• Work instructions
Once you reach the line with "2 Radios Baofeng", copy it and every line after it exactly, up to the end of the data. Omit the pictures.

═════ Recorded information ═════

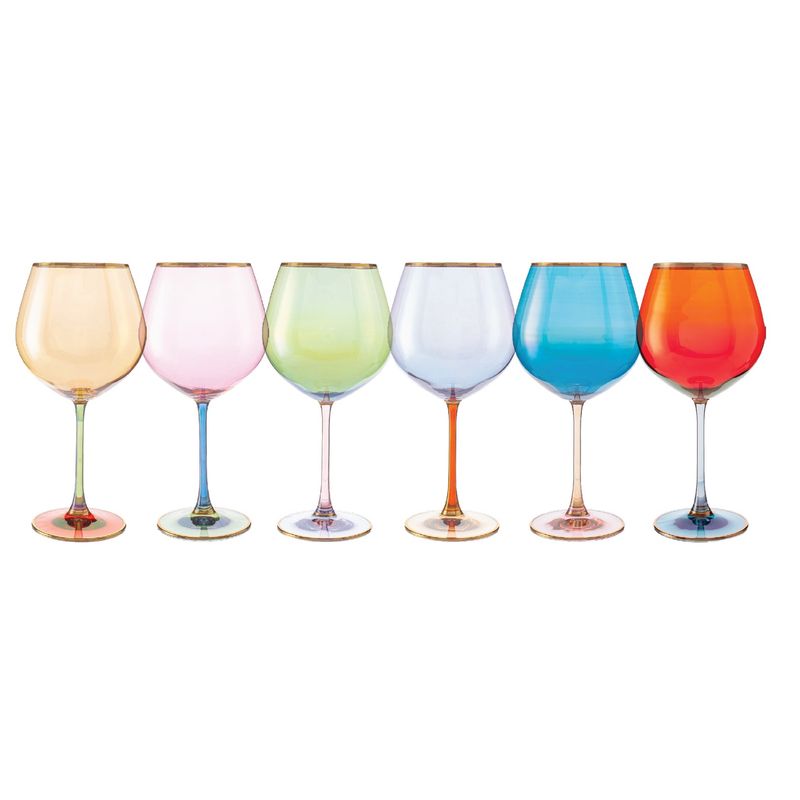 GENERICO - Set 6 Copa vino de Cristal estilo italiano Verde multicolor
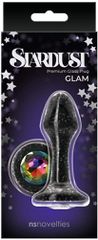 Stardust Glam - Premium Glass Anal Butt Plug Black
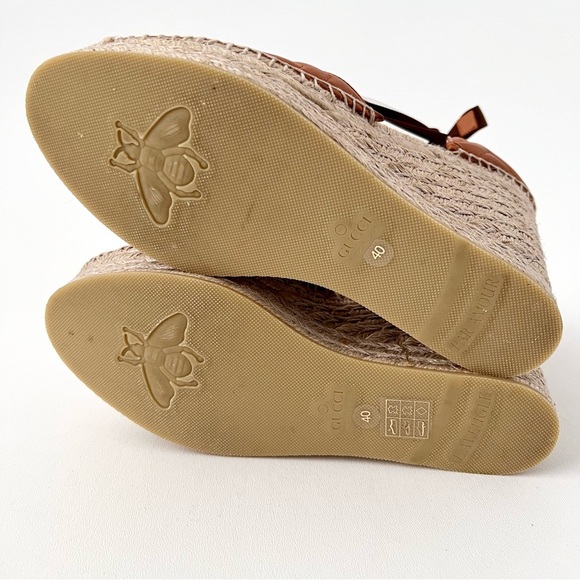 GUCCI | Marmont GG Cognac Leather Platform
Espadrille Wedge Sandal US 10 EU 40 - Picture 12 of 12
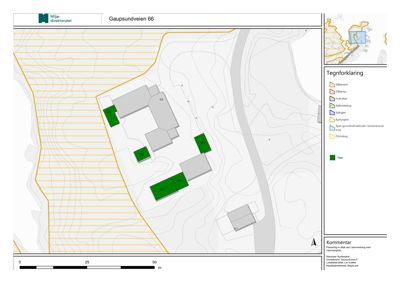 Situasjonsplan for Gaupsundveien 6 som viser tomtens form, konturer, bebyggelse (grå felter) og arealbruk (grønne felter).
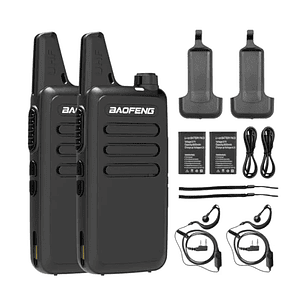 2 Radios Baofeng Walkie Talkies Uhf Portatil Camping Seguridad Bodegas Pmr Programable 16 Canales 400-470mhz Usb Tipo C Carga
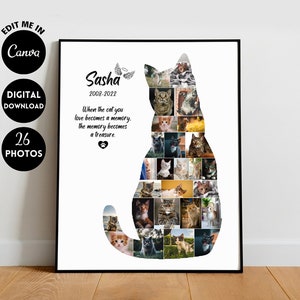 EDITABLE 26 photos, Custom Memorial Photo Collage Template Gift for Cat, Remembering Pet Cat Photo Album Poster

═════

• Completed task
 2 Radios Baofeng Walkie Talkies Uhf Portatil Camping Seguridad Bodegas Pmr Programable 16 Canales 400-470mhz Usb Tipo C Carga
 EDITABLE 26 photos, Custom Memorial Photo Collage Template Gift for Cat, Remembering Pet Cat Photo Album Poster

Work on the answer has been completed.